European interest in Chinese philosophy first began with Matteo Ricci’s visit to China. Being a missionary, Ricci was more interested in spreading Christian ideals rather than understanding the Chinese culture, and that is the primary reason why Professor Schipper dislikes the man. The ultimate consequence of interactions between Christian missionaries and the feudal government is the rites controversy that caused a stir regarding whether the Church should tolerate the Chinese practice of worshipping their ancestors. Nevertheless, they still contributed to the rise of Sinology as they Latinized the name Kong Zi and Confucius gained fame in Europe.

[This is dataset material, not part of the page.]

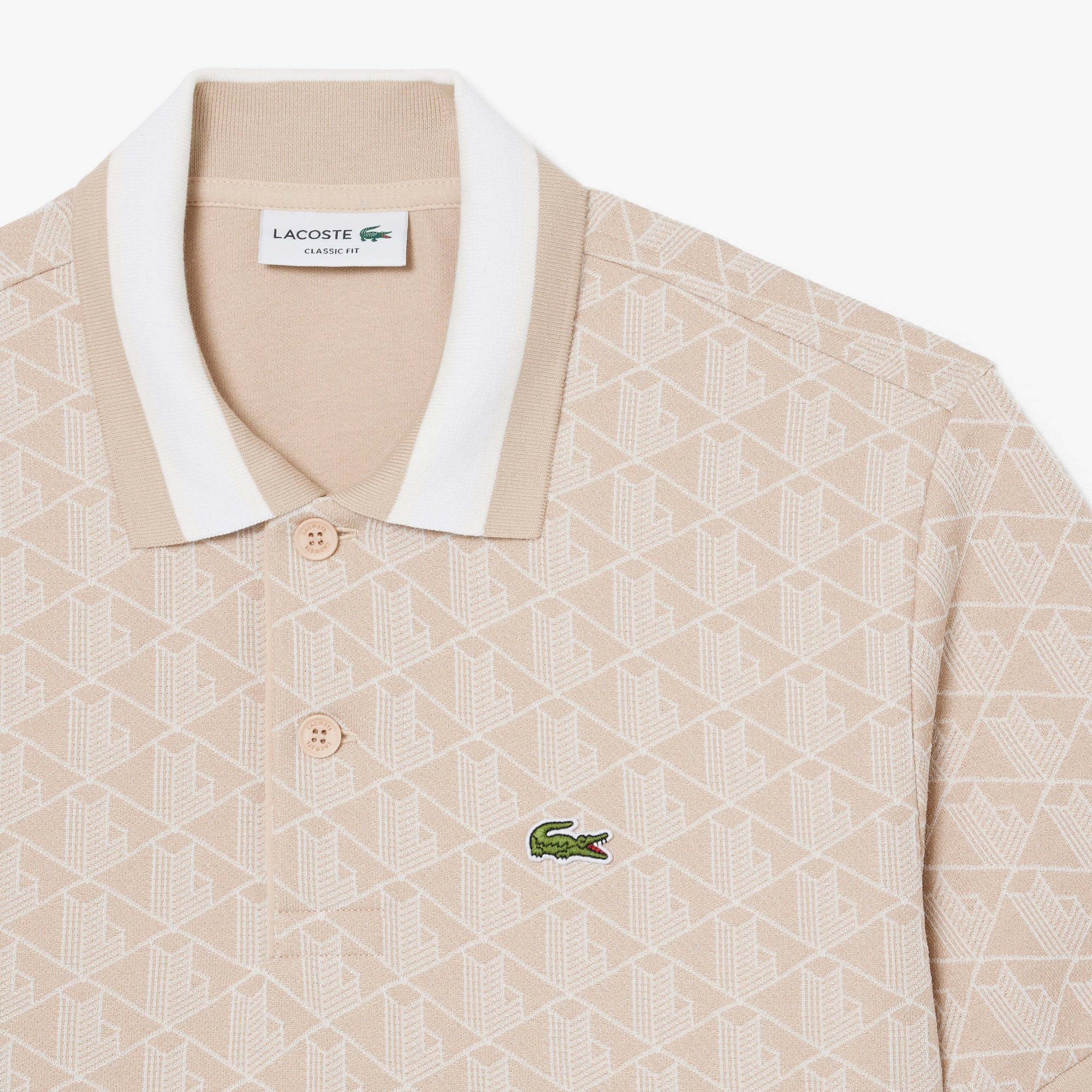 Áo Polo Lacoste Nam Dáng Cổ Điển Có Cổ Tương Phản Hoạ Tiết Monogram Chất Liệu Jacquard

Europe’s fascination with Chinese philosophy grew rapidly, and some famous names such as Leibniz and Spinoza. There was a heated debate on Chinese meritocracy, Chinese art, Chinese architecture, and so on.


This eventually resulted in Western thinkers coming to China to study what became Sinology. During this time many European scholars looked deeper into Chinese philosophies by translating classic Confucian and Taoist works.


Philosophical studies stopped being a one-way traffic and Chinese scholars started to actively participate in projects studying and spreading Chinese cultural ideas. Based on the Chinese traditional notion of natural conservation, there is a project called “Aishan”, or literally “loving the mountains” currently underway to protect biodiversity around the globe. In order to understand the Taoist ideals, the European Daozang Project, led by Professor Van Der Loon, is now aiming at translating Daozang — the basis of Taoism. There are also several Chinese and Western scholars working on the inscriptions around the city of Beijing, hoping that the ancient capital can provide useful information for the understanding of Chinese culture.


Professor Schipper concluded his lecture by calling on more people to take an interest in Sinology. He spoke worryingly that at his former academic institution, University of Leiden, there are no people teaching the ancient Chinese language anymore. He supports the idea of the Confucius Institutions, but he thinks they should teach more than “hello” and “goodbye”. He believes ancient Chinese culture, especially the ancient language, should be integrated into its curriculums as well.


The two-hour lecture ended with an ovation for Professor Schipper’s wonderful speech, and his lifelong work for Sinology. The immensely respected scholar may have now retired, but it is his sincere wish that there will be more young talents, Chinese or foreign, ready to engage themselves in the study of the fascinating Chinese culture.